#### [AIM OF THE TASK]
Look through the data below for the line with "Tondeuse à cheveux professionnelle" and the line with "Piura: Contraloría advierte", then output those two and all lines in between, exactly as written.

[Records drawn from a dataset]
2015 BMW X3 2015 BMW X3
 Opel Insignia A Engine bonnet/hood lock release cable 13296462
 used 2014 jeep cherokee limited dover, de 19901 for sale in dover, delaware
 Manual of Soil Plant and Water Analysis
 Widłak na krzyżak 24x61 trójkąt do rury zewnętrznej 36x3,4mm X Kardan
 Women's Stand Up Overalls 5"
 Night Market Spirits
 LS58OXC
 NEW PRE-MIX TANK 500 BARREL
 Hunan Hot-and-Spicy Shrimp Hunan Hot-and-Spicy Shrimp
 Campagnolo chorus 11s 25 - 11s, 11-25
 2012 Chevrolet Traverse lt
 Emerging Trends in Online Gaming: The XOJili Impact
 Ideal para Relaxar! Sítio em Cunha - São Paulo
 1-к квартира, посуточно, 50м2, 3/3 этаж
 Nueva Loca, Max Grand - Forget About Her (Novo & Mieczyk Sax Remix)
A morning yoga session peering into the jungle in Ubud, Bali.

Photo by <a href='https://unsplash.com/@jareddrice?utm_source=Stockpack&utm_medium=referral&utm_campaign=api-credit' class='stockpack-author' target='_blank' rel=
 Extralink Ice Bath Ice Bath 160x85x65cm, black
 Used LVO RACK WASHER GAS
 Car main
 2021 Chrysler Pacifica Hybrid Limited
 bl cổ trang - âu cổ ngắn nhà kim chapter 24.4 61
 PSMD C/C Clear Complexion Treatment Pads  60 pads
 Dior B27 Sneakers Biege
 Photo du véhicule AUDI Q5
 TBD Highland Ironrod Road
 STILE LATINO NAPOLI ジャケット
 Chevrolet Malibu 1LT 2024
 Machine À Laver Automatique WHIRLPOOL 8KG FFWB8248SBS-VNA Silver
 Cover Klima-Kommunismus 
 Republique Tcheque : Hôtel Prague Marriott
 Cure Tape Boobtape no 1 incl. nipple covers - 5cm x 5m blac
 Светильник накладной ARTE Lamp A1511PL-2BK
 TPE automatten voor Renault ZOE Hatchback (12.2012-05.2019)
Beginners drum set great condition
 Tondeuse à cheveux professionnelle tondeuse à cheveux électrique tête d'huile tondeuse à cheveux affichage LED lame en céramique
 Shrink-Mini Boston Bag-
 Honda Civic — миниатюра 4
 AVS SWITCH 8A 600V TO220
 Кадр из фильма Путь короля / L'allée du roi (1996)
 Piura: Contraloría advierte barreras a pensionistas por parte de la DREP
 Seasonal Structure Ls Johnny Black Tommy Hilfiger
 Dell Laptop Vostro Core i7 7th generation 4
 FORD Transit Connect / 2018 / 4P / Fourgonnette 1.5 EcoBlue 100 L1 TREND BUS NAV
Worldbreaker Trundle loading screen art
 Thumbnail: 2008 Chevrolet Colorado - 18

#### [YOUR RESPONSE]
 Tondeuse à cheveux professionnelle tondeuse à cheveux électrique tête d'huile tondeuse à cheveux affichage LED lame en céramique
 Shrink-Mini Boston Bag-
 Honda Civic — миниатюра 4
 AVS SWITCH 8A 600V TO220
 Кадр из фильма Путь короля / L'allée du roi (1996)
 Piura: Contraloría advierte barreras a pensionistas por parte de la DREP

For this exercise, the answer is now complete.